A solenoid valve is an electromechanical valve that operates by controlling an electric current that flows through a solenoid. While solenoid valves exist in many different configurations, one particular configuration includes a movable metallic plunger and a co-axially mounted stationary metallic core. One end of the plunger can contact a guide spring. A valve seat can be attached to the plunger with the guide spring in between. Alternatively, the guide spring can act as a valve seat. The other end of the plunger can contact the stationary metallic core or be coupled to the core using a biasing member such as a spring. The biasing member can bias the plunger assembly against the orifice creating a normally closed valve. It is also known in the art to bias the plunger up towards the stationary metallic core, creating a normally open valve.
When a current flows through a coil that surrounds the stationary metallic core a magnetic flux is created. In one particular design of a solenoid valve, the metallic core partially surrounds the plunger and thus, when a current flows through the coil the magnetic flux created pulls up on the plunger.
One problem that has limited the operation of solenoid valves of this design is the limitation on the pressure rating. Typically, the highest area of stress is the internal pressurization in the portion of the magnetic core wall that encases the plunger. For example, in solenoid valves rated to about 1500 psi with internal diameters of approximately ⅜″, the valve requires the wall to have a thickness of about 0.017″. The wall thickness is designed to be as thin as possible, while still operating safely, in order to reduce the magnetic flux diverted away from the plunger. The thinner that the wall can be designed, the higher the magnetic reluctance of the path through the wall and thus, the smaller the amount of magnetic flux lost. Magnetic flux lost to the core wall reduces the pulling force on the plunger. Therefore, it is desired to keep the amount of magnetic flux lost to the core wall to a minimum.

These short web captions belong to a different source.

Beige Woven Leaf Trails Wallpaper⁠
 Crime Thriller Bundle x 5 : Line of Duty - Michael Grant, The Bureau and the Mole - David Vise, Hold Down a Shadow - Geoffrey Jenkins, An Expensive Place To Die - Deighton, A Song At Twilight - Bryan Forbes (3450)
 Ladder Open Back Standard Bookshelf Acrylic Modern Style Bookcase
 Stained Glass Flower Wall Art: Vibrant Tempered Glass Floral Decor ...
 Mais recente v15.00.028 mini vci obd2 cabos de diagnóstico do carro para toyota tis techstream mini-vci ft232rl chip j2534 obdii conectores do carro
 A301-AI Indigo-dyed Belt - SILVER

In the prior art, in order to increase the pressure rating of the solenoid valve, the wall thickness of the core was increased. For example, to achieve a 4500 psi rating, the prior art wall could be increased to approximately 0.055″ for the same internal diameter and wall material. This increase in wall thickness reduced the magnetic reluctance of the wall and consequently, a significant portion of the flux flowed through the wall, thereby decreasing the pull on the plunger. While this was an undesired side-effect, the prior art wall thickness was required to be increased in order to satisfy higher pressure ratings.
The present invention overcomes this and other problems and an advance in the art is achieved.